With Shehbaz Sharif as PM, Pakistan set for ‘roller coaster’ ride: What it means for India

In a significant political development in Pakistan, two major parties, the Pakistan People’s Party (PPP) and the Pakistan Muslim League-Nawaz (PML-N), have agreed to form a coalition government. However, the PPP has said that its support will be conditional, reviewing decisions on a case-by-case basis.
Driving the news

  • The PPP, led by Bilawal Bhutto Zardari, and the PML-N, led by three-time Premier Nawaz Sharif, announced late Tuesday night that they had reached a power-sharing agreement.
  • The PPP will not take cabinet positions, but will vote for the PML-N’s prime minister candidate, Shehbaz Sharif, younger brother of Nawaz Sharif, who is also in prison on corruption charges.
  • The PPP will also seek the offices of president, chairman of the upper house of parliament, and governors in two of the four provinces, its secretary of information, Faisal Karim Kundi, told Reuters.

By the numbers

  • The PML-N won 79 and the PPP won 54 seats in the 342-member parliament, making a simple majority of 172 seats to form a government.
  • They will also rope in smaller parties in the coalition, such as the Awami National Party (ANP) and the Balochistan National Party (BNP).
  • Candidates backed by Imran Khan won 93 seats, but do not have the numbers to form a government.
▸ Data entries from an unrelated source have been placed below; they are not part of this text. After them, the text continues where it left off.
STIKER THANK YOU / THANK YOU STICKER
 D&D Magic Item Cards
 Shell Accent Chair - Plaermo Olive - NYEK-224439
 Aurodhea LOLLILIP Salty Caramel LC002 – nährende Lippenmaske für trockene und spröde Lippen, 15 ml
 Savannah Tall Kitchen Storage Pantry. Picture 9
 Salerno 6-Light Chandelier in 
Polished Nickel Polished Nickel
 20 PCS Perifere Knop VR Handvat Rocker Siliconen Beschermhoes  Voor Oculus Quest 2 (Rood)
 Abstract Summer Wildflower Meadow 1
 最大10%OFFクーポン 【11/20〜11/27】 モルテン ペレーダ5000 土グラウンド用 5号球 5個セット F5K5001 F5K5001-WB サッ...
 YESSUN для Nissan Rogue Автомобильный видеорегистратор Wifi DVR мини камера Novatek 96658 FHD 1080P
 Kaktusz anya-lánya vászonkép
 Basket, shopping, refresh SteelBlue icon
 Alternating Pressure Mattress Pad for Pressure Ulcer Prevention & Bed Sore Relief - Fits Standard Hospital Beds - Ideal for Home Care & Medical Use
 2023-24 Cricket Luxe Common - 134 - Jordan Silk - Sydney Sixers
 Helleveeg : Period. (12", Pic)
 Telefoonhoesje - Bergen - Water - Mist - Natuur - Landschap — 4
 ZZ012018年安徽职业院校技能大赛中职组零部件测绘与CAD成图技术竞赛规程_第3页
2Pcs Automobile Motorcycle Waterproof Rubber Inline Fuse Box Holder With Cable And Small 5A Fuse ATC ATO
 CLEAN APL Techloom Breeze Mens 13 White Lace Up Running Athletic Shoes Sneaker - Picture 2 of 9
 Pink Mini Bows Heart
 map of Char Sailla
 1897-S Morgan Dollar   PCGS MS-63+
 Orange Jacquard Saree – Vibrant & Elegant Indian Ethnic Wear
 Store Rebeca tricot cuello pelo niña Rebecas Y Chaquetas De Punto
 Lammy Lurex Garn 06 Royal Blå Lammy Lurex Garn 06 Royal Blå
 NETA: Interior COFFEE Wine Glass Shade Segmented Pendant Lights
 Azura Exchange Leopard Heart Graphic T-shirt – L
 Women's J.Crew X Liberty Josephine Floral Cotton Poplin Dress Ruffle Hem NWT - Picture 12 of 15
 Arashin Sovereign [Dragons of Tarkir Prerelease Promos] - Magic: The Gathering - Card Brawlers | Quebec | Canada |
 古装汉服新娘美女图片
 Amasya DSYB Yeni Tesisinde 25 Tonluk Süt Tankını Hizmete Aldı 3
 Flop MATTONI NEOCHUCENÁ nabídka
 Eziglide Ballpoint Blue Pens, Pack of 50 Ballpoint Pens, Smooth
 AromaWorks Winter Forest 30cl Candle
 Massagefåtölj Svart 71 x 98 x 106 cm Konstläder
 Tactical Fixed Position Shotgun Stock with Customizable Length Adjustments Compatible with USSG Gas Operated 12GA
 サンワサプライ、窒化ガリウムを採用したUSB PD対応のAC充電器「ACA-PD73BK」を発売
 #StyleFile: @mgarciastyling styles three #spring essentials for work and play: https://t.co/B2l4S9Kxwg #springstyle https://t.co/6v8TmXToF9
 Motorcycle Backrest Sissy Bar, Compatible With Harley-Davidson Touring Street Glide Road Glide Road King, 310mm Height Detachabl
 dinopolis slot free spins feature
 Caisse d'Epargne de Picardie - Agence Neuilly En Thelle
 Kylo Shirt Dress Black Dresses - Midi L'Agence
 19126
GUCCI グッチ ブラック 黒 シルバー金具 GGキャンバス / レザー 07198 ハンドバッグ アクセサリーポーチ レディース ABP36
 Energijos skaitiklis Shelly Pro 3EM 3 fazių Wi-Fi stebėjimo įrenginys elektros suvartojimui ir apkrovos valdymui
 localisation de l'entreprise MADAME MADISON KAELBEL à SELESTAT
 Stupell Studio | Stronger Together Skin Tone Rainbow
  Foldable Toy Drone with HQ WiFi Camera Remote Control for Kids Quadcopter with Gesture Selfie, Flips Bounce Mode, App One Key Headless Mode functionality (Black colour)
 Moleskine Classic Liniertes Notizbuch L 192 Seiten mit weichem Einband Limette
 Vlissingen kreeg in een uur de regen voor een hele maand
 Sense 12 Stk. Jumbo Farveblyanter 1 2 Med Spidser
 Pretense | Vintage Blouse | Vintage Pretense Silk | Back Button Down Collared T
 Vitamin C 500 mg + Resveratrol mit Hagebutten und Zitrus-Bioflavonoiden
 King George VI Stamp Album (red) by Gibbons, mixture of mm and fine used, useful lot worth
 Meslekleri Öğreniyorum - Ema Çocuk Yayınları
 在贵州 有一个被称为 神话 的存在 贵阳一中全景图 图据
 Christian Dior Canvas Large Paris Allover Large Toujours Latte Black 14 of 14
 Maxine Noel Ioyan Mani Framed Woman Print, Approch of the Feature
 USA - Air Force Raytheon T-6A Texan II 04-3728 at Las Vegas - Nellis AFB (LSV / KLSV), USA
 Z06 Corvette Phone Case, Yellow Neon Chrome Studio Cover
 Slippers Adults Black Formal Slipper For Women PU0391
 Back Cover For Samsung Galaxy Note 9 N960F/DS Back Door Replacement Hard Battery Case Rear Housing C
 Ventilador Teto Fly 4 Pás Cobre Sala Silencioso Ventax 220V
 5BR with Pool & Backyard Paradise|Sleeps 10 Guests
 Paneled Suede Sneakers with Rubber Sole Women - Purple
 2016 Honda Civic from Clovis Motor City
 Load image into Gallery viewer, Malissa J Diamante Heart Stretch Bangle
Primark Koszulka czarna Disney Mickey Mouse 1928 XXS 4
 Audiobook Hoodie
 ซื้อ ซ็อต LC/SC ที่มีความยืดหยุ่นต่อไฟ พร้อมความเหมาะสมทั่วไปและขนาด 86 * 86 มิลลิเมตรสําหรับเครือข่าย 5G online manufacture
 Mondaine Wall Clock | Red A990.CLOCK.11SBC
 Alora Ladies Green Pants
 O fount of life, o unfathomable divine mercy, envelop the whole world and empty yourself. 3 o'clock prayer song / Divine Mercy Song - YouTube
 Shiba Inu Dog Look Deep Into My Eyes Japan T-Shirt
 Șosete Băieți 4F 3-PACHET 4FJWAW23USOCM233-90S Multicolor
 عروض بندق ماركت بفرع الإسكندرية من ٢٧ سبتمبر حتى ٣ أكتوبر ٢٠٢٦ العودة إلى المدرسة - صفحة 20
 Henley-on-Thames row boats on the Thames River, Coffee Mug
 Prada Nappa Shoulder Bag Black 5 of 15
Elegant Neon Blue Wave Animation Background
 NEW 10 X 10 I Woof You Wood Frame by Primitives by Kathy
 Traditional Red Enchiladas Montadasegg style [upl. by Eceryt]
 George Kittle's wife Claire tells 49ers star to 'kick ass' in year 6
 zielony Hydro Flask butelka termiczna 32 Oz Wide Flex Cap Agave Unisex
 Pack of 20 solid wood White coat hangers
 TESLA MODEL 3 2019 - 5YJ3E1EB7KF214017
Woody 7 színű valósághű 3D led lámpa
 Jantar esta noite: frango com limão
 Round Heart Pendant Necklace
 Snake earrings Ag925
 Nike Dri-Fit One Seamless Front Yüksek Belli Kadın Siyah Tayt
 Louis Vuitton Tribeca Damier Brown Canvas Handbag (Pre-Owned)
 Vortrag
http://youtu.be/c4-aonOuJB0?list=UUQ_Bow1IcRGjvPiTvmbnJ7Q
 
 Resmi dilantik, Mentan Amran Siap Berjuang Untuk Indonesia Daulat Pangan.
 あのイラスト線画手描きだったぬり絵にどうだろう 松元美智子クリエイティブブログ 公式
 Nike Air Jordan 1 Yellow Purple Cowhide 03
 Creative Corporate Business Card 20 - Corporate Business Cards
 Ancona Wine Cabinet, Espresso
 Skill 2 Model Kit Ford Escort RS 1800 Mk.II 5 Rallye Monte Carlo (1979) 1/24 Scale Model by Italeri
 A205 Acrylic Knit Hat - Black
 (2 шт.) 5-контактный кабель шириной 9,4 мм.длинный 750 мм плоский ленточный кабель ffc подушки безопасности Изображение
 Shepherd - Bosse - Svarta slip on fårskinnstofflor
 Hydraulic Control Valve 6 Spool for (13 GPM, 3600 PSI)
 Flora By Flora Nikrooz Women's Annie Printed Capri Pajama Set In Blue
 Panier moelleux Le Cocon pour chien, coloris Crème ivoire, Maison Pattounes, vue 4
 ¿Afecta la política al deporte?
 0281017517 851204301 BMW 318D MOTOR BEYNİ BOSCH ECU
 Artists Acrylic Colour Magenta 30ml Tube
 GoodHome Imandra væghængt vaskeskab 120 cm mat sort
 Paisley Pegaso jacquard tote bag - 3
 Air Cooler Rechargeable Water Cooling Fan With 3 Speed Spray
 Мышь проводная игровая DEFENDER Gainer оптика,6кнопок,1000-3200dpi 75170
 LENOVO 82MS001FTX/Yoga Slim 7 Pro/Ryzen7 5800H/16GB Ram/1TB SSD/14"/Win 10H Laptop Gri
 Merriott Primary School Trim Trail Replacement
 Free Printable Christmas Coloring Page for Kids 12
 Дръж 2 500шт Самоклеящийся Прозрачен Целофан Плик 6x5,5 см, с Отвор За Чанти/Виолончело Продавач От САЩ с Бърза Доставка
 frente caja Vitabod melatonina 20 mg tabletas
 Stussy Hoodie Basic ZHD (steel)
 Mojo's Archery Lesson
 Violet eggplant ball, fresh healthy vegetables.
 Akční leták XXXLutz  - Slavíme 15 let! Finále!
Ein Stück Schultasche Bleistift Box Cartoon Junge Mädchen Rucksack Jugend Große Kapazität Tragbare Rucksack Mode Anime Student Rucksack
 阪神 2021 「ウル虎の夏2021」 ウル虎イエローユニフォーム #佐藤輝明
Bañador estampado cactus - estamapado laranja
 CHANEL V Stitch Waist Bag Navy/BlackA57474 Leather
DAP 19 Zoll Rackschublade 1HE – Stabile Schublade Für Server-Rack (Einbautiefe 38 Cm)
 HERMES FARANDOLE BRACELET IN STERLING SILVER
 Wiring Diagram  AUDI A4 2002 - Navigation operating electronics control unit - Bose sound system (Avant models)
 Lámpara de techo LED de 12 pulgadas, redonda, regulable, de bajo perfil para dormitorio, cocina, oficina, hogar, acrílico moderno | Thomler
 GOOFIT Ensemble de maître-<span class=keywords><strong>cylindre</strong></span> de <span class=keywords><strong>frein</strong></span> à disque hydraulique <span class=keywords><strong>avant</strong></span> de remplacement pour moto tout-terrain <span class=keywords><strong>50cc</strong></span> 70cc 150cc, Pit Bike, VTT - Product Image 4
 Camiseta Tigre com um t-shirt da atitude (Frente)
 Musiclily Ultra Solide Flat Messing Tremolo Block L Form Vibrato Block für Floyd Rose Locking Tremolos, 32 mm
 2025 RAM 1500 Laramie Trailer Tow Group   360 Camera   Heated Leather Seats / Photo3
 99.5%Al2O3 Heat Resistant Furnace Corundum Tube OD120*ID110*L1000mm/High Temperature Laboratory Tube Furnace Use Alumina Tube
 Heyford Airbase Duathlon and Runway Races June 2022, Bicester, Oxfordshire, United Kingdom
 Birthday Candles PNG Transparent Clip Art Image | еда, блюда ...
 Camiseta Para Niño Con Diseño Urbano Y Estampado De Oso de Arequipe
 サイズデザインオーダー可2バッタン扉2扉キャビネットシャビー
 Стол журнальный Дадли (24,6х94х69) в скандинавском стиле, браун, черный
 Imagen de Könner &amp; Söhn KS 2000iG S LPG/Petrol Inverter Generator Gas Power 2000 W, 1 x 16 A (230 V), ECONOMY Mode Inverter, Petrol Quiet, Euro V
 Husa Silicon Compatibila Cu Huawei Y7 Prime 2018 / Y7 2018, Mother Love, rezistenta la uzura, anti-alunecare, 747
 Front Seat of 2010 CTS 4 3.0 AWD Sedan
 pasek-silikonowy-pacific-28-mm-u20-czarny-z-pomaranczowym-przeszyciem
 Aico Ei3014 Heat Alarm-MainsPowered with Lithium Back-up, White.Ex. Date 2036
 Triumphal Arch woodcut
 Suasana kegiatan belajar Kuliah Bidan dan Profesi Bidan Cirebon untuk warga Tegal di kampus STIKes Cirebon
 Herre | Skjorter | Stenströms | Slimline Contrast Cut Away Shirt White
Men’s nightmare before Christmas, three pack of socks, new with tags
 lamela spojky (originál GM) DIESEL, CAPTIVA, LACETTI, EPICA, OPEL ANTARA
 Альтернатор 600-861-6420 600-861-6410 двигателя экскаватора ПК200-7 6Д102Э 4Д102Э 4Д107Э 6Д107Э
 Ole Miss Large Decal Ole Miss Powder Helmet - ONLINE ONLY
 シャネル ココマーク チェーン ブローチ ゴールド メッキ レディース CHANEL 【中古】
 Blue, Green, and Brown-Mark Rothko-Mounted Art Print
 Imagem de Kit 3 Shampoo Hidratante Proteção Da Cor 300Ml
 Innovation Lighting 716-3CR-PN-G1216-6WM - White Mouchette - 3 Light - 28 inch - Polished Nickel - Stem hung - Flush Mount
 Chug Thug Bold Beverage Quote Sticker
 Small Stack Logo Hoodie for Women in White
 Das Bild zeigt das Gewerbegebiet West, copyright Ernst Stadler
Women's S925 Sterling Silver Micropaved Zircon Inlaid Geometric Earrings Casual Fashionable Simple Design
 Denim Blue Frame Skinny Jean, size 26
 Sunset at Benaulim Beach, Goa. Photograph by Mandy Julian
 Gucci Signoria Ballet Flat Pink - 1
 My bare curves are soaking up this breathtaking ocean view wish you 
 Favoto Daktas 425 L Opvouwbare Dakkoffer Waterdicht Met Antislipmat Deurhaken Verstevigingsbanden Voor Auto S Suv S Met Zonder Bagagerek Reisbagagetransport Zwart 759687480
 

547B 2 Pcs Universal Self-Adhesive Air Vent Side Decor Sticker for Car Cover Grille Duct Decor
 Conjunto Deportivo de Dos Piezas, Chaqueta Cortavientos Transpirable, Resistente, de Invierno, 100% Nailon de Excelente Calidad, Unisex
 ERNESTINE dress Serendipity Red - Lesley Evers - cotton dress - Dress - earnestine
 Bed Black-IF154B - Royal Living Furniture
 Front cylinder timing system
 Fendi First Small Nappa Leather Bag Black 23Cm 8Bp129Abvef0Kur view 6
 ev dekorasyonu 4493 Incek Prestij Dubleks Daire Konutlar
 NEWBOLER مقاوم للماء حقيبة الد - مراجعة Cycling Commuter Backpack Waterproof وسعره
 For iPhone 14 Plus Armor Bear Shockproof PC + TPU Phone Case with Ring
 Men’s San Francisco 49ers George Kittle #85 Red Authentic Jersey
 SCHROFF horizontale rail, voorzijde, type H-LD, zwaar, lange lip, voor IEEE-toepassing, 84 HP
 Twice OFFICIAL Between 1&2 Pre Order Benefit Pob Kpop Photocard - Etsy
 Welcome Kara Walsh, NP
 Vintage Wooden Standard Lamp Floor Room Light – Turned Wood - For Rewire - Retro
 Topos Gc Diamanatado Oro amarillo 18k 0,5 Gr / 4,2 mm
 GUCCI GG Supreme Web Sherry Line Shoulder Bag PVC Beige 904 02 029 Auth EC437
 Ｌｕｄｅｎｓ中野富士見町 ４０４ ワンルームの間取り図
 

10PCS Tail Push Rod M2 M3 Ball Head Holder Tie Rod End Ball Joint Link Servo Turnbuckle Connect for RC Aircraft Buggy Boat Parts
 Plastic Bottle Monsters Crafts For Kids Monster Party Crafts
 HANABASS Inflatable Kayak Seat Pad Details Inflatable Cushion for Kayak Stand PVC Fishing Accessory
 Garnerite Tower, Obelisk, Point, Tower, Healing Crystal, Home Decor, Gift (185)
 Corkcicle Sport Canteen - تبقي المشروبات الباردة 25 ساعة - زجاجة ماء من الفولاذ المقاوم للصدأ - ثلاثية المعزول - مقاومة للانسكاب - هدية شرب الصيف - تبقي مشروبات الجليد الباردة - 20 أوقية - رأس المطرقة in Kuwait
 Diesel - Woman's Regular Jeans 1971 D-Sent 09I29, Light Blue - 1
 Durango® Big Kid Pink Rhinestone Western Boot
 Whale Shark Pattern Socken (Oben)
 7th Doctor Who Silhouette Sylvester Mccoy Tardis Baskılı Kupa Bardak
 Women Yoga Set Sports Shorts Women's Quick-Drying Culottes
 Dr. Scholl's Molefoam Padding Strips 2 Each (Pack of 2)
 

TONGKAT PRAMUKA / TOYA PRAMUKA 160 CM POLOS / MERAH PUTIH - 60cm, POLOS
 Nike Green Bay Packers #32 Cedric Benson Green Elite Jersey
He and his party have rejected the results of the elections, alleging widespread rigging.

Why it matters

  • The agreement between the Pakistan People’s Party (PPP) and the Pakistan Muslim League-Nawaz (PML-N) is based on conditional support from the former, which will review decisions on a case-by-case basis, a top PPP official said.
  • This could make life difficult for the government, which needs to take tough decisions to steer the country out of a financial crisis and face a strong opposition bloc led by supporters of jailed former Prime Minister Imran Khan.
  • On the road ahead for the next government, political commentator and author Ayesha Siddiqa told Reuters: “It will be, of course, a roller coaster.”
  • The most challenging task for the coalition will be to agree on critical fiscal tightening conditions under a new International Monetary Fund (IMF) program, which expires in March.
  • Other big moves include privatization of loss-making state-owned enterprises such as the flagship carrier Pakistan International Airlines (PIA), which the PPP opposes and the PML-N supports.

What’s next

  • Parliament will elect the prime minister on February 25, followed by the president and the chairman of the senate.
  • Meanwhile, the political landscape remains fraught with tension as Imran Khan’s party, Pakistan Tehreek-e-Insaf (PTI), which won 93 seats, has rejected the election results, claiming widespread rigging.
  • This dispute adds to the country’s political instability, with PTI demanding the resignation of the Election Commission’s head and accusing rival parties of stealing their mandate.

What it means for India

  • During the campaign, former PM Nawaz Sharif emphasized the importance of mending and enhancing Pakistan’s relations with its neighboring countries, questioning the feasibility of achieving global recognition amidst regional discord.
  • “How can you achieve a global status when your neighbours are upset with you, or you are with them? We have to fix our affairs with India and Afghanistan as well, [and] strengthen them further with Iran and China,” Nawaz said.
  • As per a Dawn report, Nawaz reminisced about the visits of two Indian Prime Ministers, Atal Bihari Vajpayee in 1999 and Narendra Modi in 2015, during his party’s rule, questioning, “Did anyone come before them?”
  • “God willing, we will have better relations with our neighbors,” Nawaz said during the counting of votes.
  • Ajay Bisaria, the former Indian High Commissioner to Pakistan, told DW that New Delhi’s approach towards Pakistan is based on realistic assessments rather than idealistic expectations.
  • But he emphasized, “India has no illusions that the army in Pakistan would determine policy towards India.” He further noted, “Any civilian government in the current state of play will have only a marginal say on India policy, but the Sharifs clearly have a better track record on reaching out to India than Imran Khan in his three-year PTI government.”